1) No such thing as free will, complete determinism; we don’t in any meaningful sense make choices since what we “choose” at any given moment is the only possible action given the state of our physical being that determines our behavior.

2) Compatibilism; in some way, even though determinism is true or likely true, the concept of our deliberating and choosing between alternative actions has meaning in describing how we act.

I tend to fall into the second category. Though ultimately our thoughts, actions, and choices all emerge from a physical substrate subject to deterministic or probabilistic laws of physics and chemistry, the relationship between substrate and the subjective experience and actual expression of thinking and choosing is so complex as to be essentially unpredictable, and this means the model of active free choice is a useful practical device for explaining and evaluating human behavior, even if it may be incomplete at a fundamental level. As an analogy, Newtonian mechanics works on any scale I’m likely to be alive at, so I’m happy to use it as my model for the behavior of objectxs even though at other scales it falls apart. Similar reasoning works for me on the subject of free will.
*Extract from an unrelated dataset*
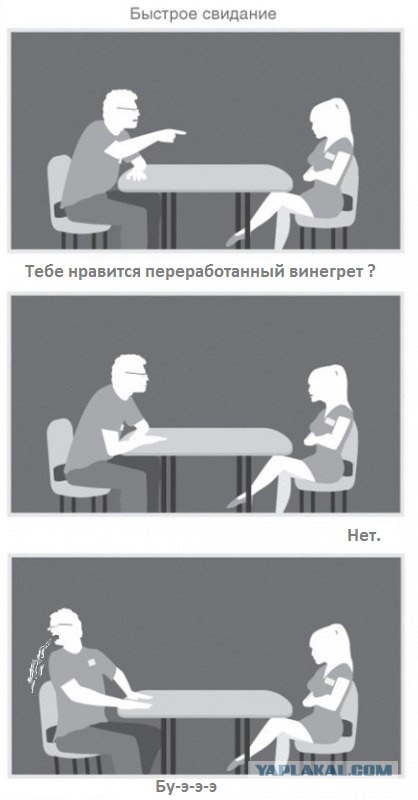 Фотожаба: Быстрое свидание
Anyway, the important thing for this thread is what are the consequences of choosing one of these positions? Stephen said something in another thread to the effect that if we want to treat each other better we have to give up on the notion that anyone is morally responsible for their choices and actions because these actions are not the consequence of free will but deterministic mechanics. Others here have also made the link between rejecting any kind of free will as a necessary step to eliminating such things as a justice system based on punishment and retribution. I disagree . Though I am essentially a compatibilist when it comes to free will, and I think people can be said in a meaningful sense to be responsible for their choices, within certain limits that we may want to go into, I don’t support the notion that punishment for its own sake is a useful or moral response to socially condemned behavior. Anyone care to take a stab at defending or demolishing the notion that one’s free will stance must necessarily determine one’s approach to ethics?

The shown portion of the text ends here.